--- Provided records ---

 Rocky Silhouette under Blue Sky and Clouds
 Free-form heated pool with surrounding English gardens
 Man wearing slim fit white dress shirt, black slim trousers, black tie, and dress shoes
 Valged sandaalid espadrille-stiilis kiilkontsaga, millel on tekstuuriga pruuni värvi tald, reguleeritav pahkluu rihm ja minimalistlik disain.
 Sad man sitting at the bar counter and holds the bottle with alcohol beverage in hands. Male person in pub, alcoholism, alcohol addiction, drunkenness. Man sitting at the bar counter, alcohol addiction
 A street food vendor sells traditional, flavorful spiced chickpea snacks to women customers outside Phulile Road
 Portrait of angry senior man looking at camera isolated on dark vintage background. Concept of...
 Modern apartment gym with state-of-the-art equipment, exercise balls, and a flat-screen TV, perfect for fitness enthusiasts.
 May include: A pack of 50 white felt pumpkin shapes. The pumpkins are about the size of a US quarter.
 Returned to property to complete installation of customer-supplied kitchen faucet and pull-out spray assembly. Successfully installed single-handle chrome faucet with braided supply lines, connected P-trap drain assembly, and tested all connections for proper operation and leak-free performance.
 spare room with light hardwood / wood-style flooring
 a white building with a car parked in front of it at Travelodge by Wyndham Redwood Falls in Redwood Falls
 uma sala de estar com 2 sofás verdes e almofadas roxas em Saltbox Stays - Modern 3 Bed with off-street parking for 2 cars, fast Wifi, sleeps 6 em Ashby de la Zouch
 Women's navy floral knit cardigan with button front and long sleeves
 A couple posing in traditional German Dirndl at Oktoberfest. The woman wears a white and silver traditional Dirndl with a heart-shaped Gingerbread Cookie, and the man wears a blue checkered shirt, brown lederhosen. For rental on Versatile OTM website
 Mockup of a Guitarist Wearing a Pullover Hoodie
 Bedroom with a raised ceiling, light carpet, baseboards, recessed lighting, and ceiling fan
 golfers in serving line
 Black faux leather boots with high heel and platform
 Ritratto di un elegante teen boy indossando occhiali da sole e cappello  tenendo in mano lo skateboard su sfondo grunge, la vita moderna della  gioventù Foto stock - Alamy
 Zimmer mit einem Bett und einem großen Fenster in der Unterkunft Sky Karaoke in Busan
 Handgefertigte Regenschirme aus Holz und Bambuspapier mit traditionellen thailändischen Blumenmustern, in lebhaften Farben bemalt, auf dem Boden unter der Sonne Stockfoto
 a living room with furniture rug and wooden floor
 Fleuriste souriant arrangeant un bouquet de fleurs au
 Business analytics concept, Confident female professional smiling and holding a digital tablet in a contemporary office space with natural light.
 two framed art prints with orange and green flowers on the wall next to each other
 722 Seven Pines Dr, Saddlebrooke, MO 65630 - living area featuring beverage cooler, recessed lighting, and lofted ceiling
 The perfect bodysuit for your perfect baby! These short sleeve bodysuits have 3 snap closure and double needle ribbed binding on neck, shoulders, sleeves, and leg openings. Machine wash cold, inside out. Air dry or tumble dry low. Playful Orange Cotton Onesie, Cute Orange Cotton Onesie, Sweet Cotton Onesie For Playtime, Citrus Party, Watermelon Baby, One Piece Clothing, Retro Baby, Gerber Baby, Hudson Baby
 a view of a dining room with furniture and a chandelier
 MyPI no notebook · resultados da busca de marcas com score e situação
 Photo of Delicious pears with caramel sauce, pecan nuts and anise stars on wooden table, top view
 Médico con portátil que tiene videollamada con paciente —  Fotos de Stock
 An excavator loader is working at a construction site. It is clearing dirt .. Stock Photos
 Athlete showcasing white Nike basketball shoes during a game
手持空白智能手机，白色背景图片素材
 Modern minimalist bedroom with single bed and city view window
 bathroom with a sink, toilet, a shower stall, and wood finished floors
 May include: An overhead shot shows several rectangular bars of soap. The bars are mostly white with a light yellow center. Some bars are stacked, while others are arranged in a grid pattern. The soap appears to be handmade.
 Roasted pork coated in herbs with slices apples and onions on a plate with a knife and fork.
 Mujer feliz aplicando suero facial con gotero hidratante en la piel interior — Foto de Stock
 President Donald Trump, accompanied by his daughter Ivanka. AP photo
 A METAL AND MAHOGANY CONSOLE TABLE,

---

Instructions to follow: Within the listing above, give again exactly every line from the line with "Sad man sitting" through the line with "May include: A pack", both included, and no other line.

Exercise result:
 Sad man sitting at the bar counter and holds the bottle with alcohol beverage in hands. Male person in pub, alcoholism, alcohol addiction, drunkenness. Man sitting at the bar counter, alcohol addiction
 A street food vendor sells traditional, flavorful spiced chickpea snacks to women customers outside Phulile Road
 Portrait of angry senior man looking at camera isolated on dark vintage background. Concept of...
 Modern apartment gym with state-of-the-art equipment, exercise balls, and a flat-screen TV, perfect for fitness enthusiasts.
 May include: A pack of 50 white felt pumpkin shapes. The pumpkins are about the size of a US quarter.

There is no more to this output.